*** DATASET ***

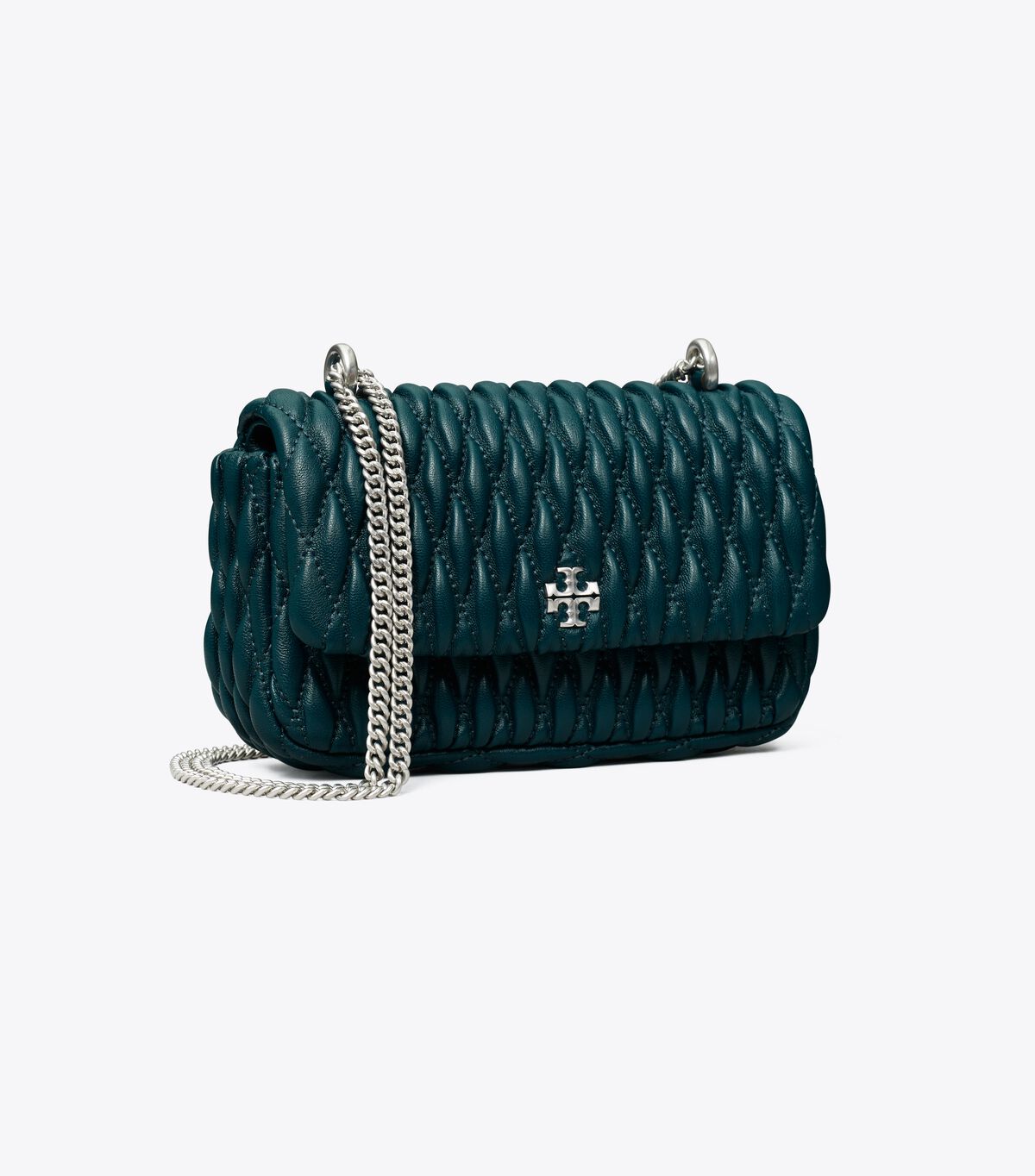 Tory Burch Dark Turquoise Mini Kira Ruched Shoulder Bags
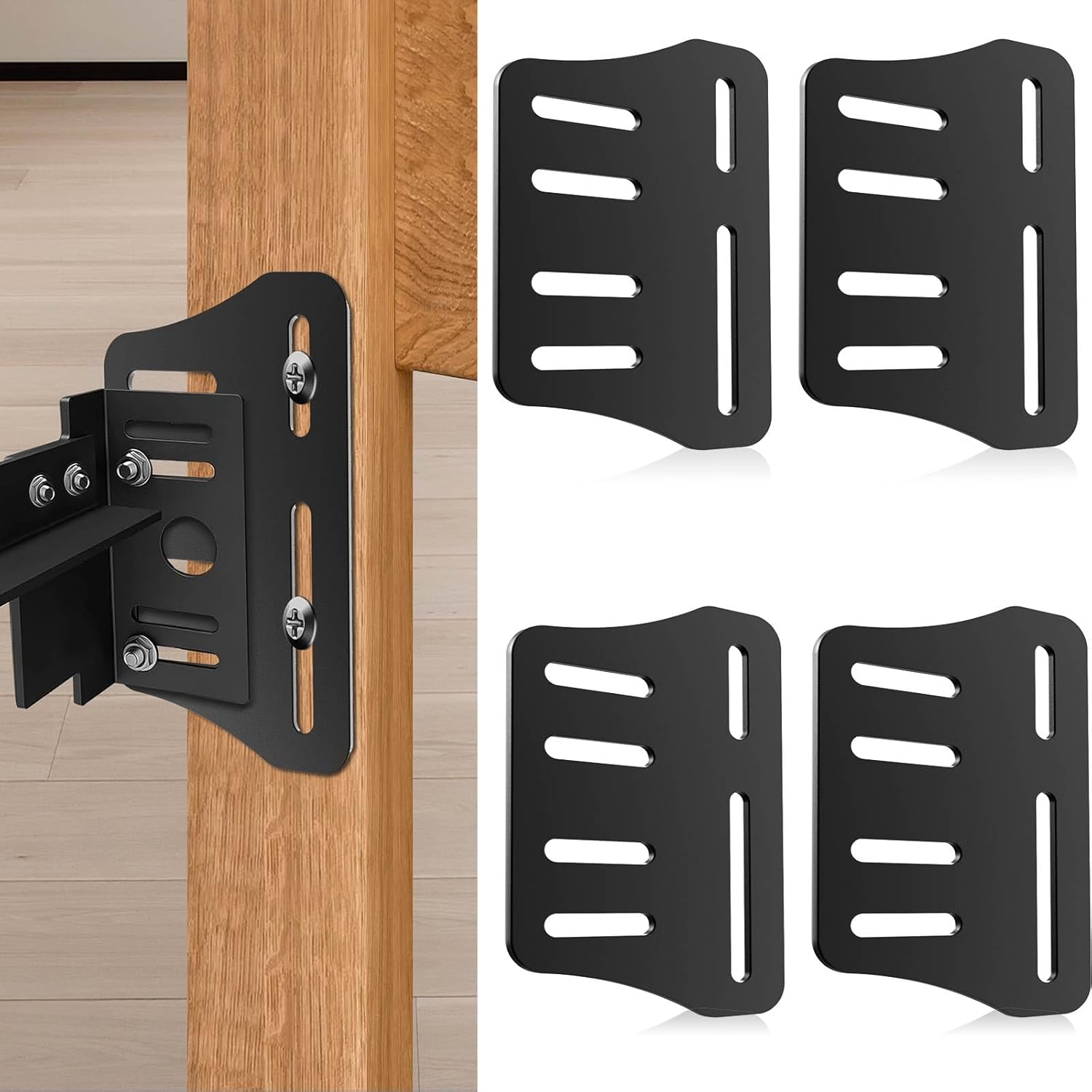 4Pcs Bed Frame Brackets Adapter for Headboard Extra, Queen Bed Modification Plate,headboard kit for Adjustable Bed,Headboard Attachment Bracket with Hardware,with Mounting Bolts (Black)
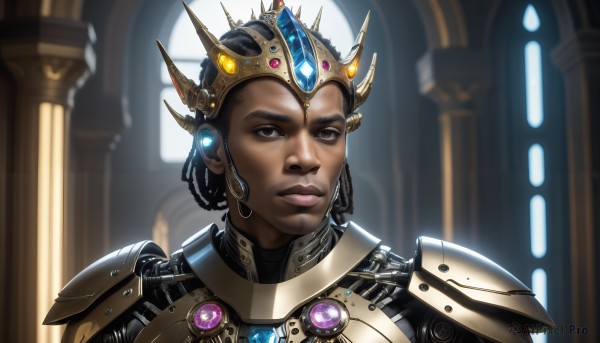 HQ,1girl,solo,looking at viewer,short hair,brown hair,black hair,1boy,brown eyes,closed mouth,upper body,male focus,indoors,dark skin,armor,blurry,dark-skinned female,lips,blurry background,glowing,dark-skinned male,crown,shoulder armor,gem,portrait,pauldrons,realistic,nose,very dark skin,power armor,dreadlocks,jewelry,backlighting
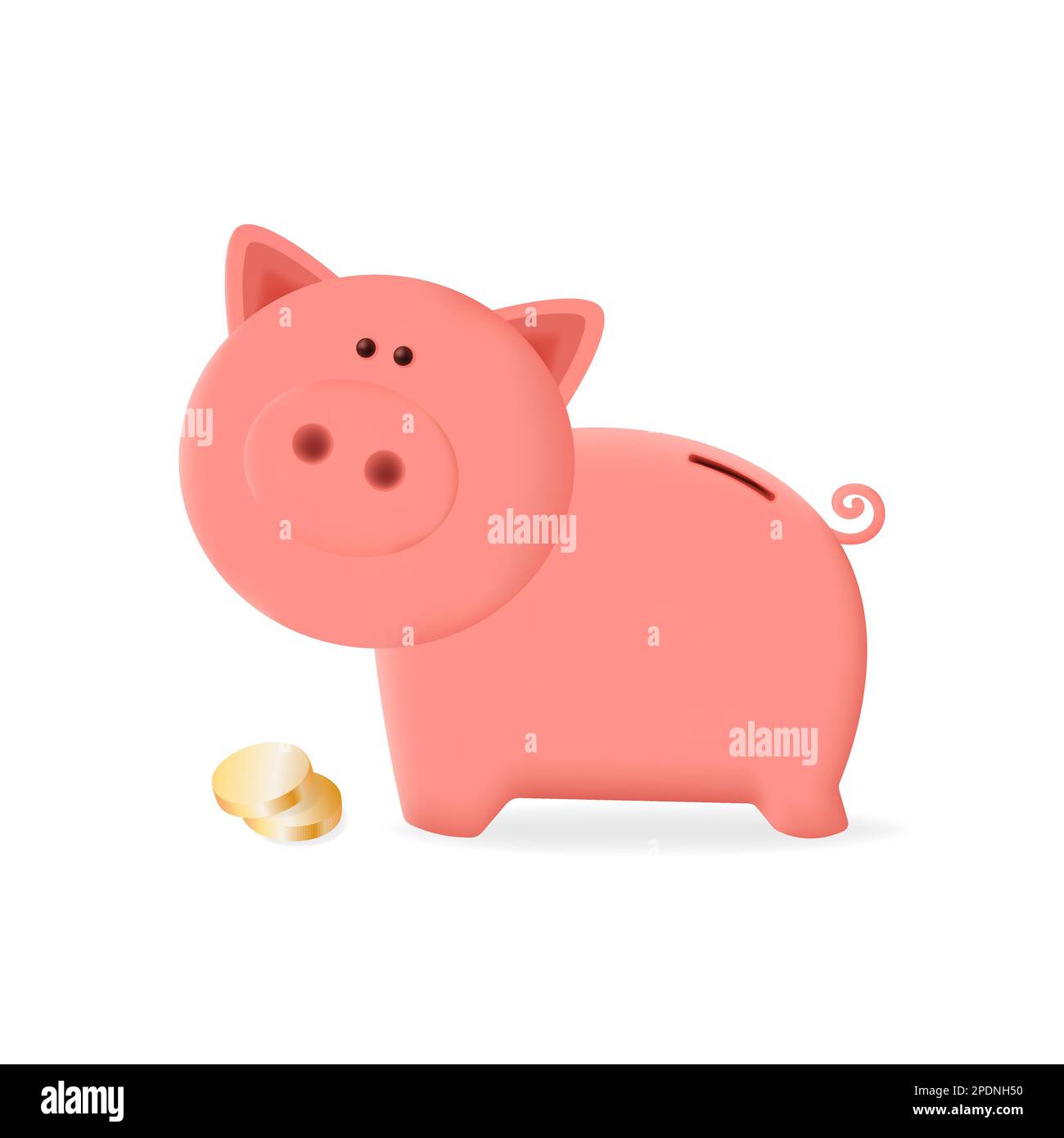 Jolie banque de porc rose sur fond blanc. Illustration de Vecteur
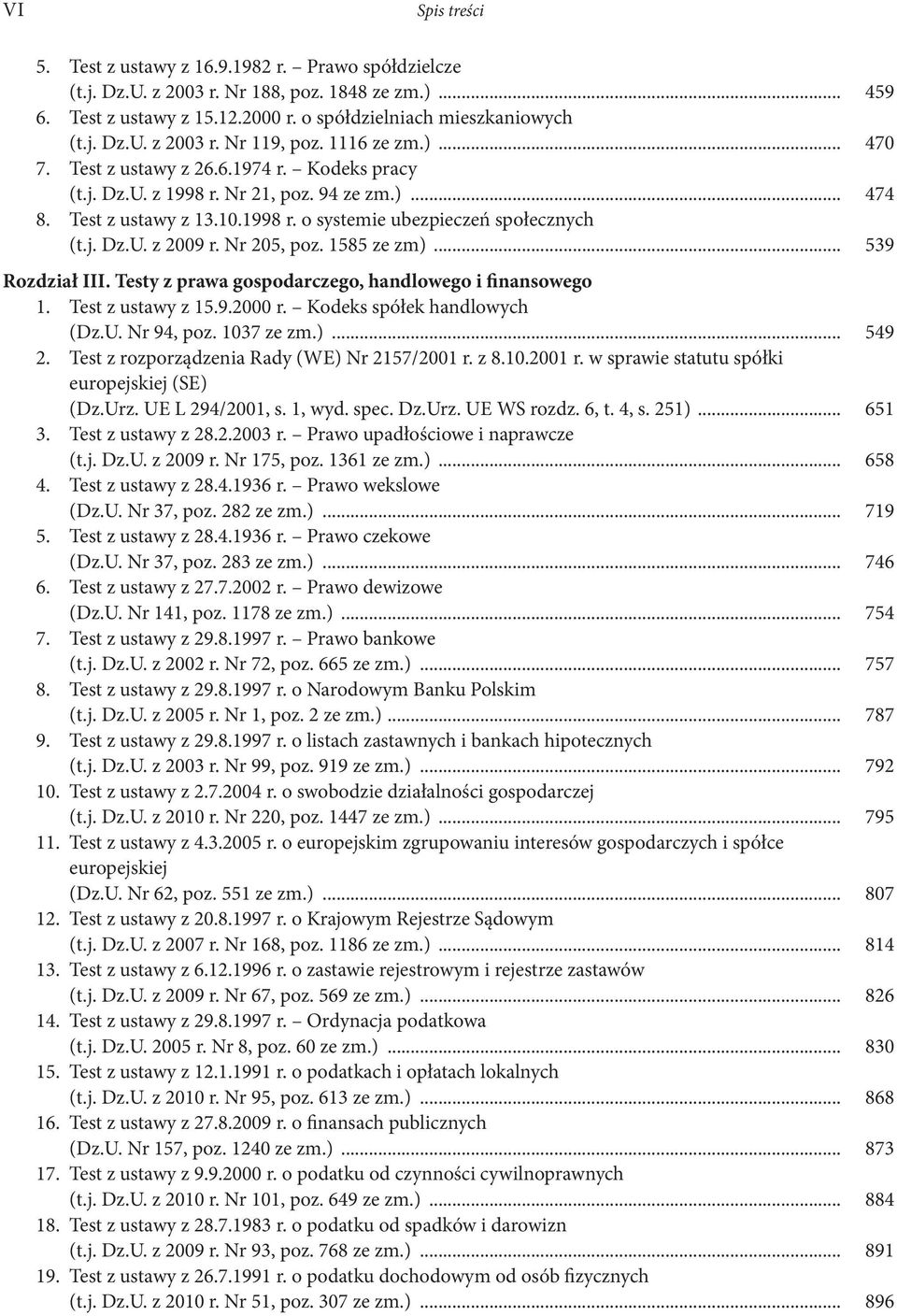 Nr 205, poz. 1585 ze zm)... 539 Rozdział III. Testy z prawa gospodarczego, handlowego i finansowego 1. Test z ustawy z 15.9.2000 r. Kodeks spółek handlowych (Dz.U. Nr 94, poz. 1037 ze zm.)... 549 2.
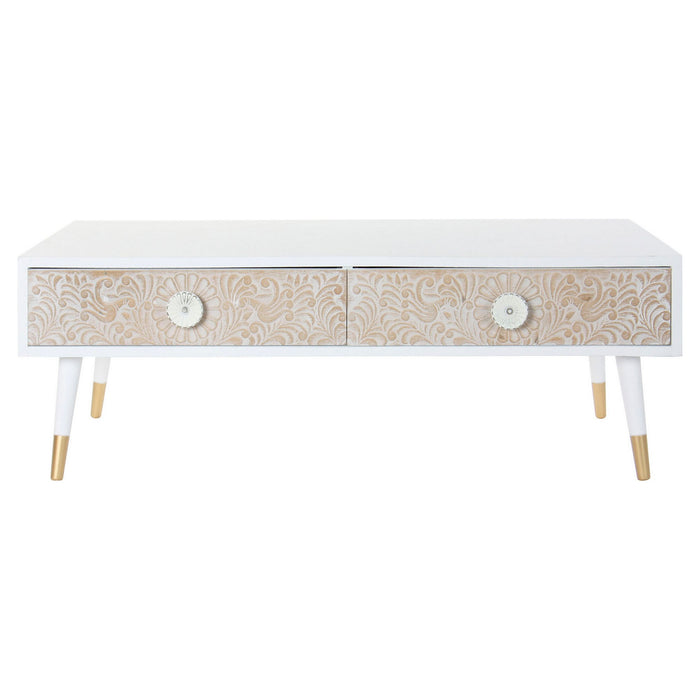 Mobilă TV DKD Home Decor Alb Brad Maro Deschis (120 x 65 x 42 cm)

***

YOUR INSTRUCTIONS
Give back the whole listing exactly as it stands. No pictures belong in the copy.

RESPONSE TO THIS EXERCISE
 Tory Burch Dark Turquoise Mini Kira Ruched Shoulder Bags
 4Pcs Bed Frame Brackets Adapter for Headboard Extra, Queen Bed Modification Plate,headboard kit for Adjustable Bed,Headboard Attachment Bracket with Hardware,with Mounting Bolts (Black)
 HQ,1girl,solo,looking at viewer,short hair,brown hair,black hair,1boy,brown eyes,closed mouth,upper body,male focus,indoors,dark skin,armor,blurry,dark-skinned female,lips,blurry background,glowing,dark-skinned male,crown,shoulder armor,gem,portrait,pauldrons,realistic,nose,very dark skin,power armor,dreadlocks,jewelry,backlighting
 Jolie banque de porc rose sur fond blanc. Illustration de Vecteur
 Nr 205, poz. 1585 ze zm)... 539 Rozdział III. Testy z prawa gospodarczego, handlowego i finansowego 1. Test z ustawy z 15.9.2000 r. Kodeks spółek handlowych (Dz.U. Nr 94, poz. 1037 ze zm.)... 549 2.
 Mobilă TV DKD Home Decor Alb Brad Maro Deschis (120 x 65 x 42 cm)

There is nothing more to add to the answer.